The FTC guidance also states that the FTC staff is unlikely to pursue law enforcement action under the following circumstances:
 
(1) You know your clients individually.  For example, some medical practices and law firms are familiar with everyone who walks into the office.  In those circumstances, the FTC acknowledges that the risk is low that an identity thief can defraud a business by impersonating someone else.
 
(2) You provide services to customers in or around their home, such as by operating a lawn care or a home cleaning business.  The FTC reasons that the risk of identity theft is extremely low in these situations because identity thieves generally do not want people to know where they live.
 
(3) You are involved in a type of business where identity theft is rare.  The FTC guidance suggests that if there are no reports in the news, trade press, or among people in your line of business about identity theft and your business itself has not experienced incidents of identity theft, it is unlikely that identity thieves are targeting your business sector.  

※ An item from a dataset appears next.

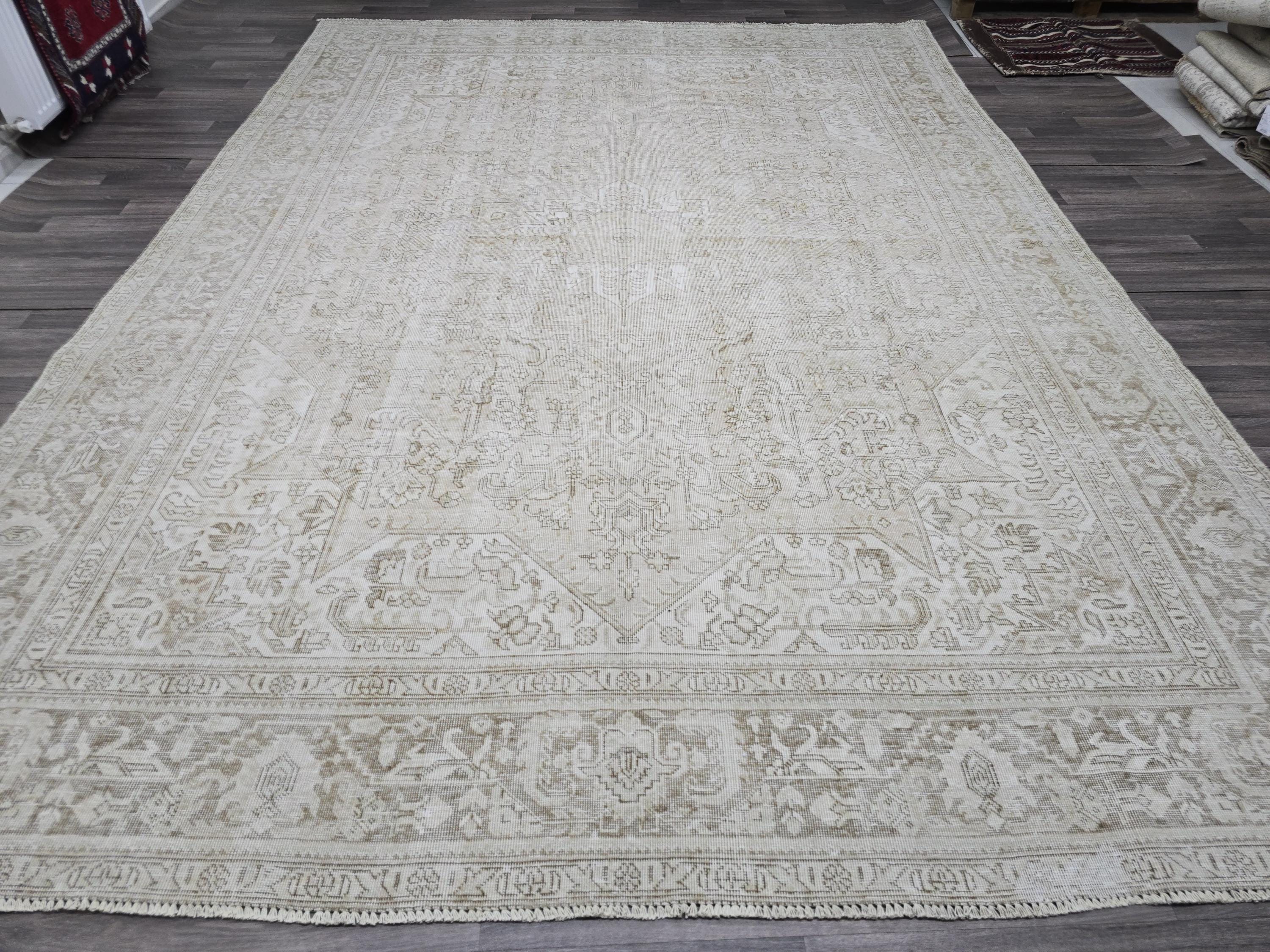 Oversized Neutral Oushak Rug: Vintage Turkish Wool Carpet (9.20x12.50 ft)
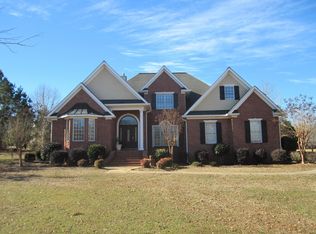 135 Valleybrook Dr, Columbus, MS 39702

A copy of the FTC guidance can be found at: http://www.ftc.gov/bcp/edu/microsites/redflagsrule/faqs.shtm.

 

So Who Says You're Disabled? Plans Can Disagree with SSA

Sometimes the hardest thing to interpret in benefit plans is when a disability occurs.  Most questions about disability focus on short term and long term disability plans, but retirement plans and other welfare plans can have benefit levels that are triggered or impacted by a disability determination.  Ultimately, the plan administrator is obligated to apply the terms of the plan to make a determination if a participant is "disabled" under the terms of the plan.

In Hobson v. Met Life, 2nd Cir., 7/29/09, the Court looked at a situation where a participant claimed complete disability which was denied by the plan administrator.  After applying the now required Glenn analysis to the determination, the Court also had to look at a situation where the Social Security Administration made a determination that the participant was disabled.  The plan administrator disagreed, applying the plan definition of disability to determine that the participant was not unable to work and was therefore not entitled to long term disability benefits.  The Court agreed with the plan administrator, but issued a warning that if an administrator is going to disagree with SSA, it should make sure the basis for its determination, and ultimately the basis for its disagreement, be very carefully and completely explained.  An SSA determination is not binding on a plan, but the plan had better explain WHY it disagrees in such a way that a meaningful appeal can be made.

This decision continues the long line of cases that gives deference to decisions made by plans that retain discretion.  But I believe it also should serve as a reminder to plan administrators to be very thoughtful in the application of "determinations."  Met Life was very thorough and collected a lot of medical information on its own.  It had detailed notes and records about all of the steps it took in evaluating each stage of the claim and was meticulous in its record-keeping as to how the decision was ultimately made.  It did not simply rely on an outside determination but did the hard legwork itself.

So from this case, it appears that SSA determinations are not the defining definition of "disability," but plans should be prepared to explain in detail how an alternative conclusion was reached.  And be prepared to prove HOW the conclusion was reached.